ERR - The Connected Data Model
The Entity-Role-Relationship (ERR) model defines how a bank represents its world.
It connects entities (who or what exists), roles (what each does), and relationships (how they interact) in one coherent structure.
ERR replaces fragmented records with a single network of traceable, interlinked data.
What The ERR Model Describes
The three ERR data components create a structural map that any process or system can use consistently.
The Importance of Unique Identification
Each entity must have a unique, persistent identifier within the data model.
This allows all associated roles and relationships to connect unambiguously across systems and jurisdictions.

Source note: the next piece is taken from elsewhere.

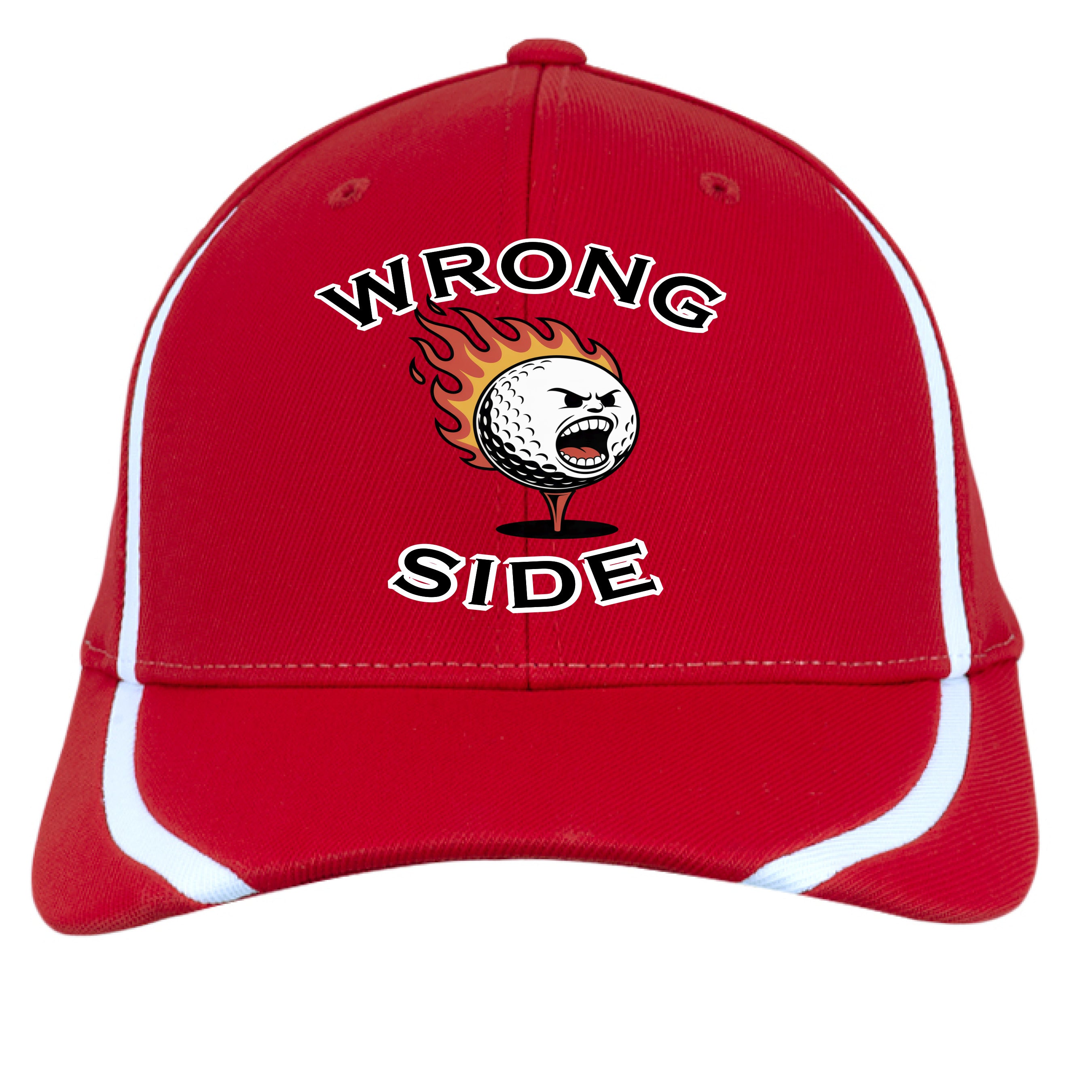 True Red/ White - FRONT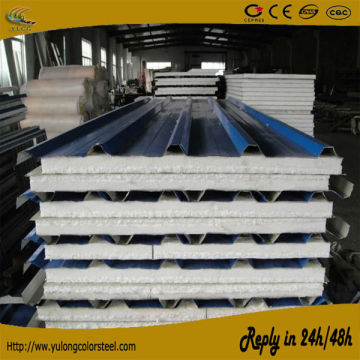 eps roof panel sandwich panels styrofoam sandwich panel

Without consistent identifiers, the network fragments:
The same client appears multiple times under different records.
Relationships lose lineage and risk becomes duplicated or obscured.
Structural analytics become unreliable.
A unified identifier set — internal, external (LEI, BIC, etc.), or hybrid — enables:
One-to-many linkage between entities and roles.
Cross-system reconciliation and consistent data lineage.
Accurate aggregation for regulatory, risk, and operational reporting.
Why It Matters
ERR provides the structural foundation that turns static data into connected intelligence:
Establishes a single structural truth across compliance, risk, and client systems.
Enables network-level visibility and traceable lineage.
Simplifies data governance and integration across functions.
Future-proofs the bank’s client data architecture for NSR, CNRM, and beyond.
ERR is where clarity of identity meets clarity of structure — the essential base for all network-aware risk management.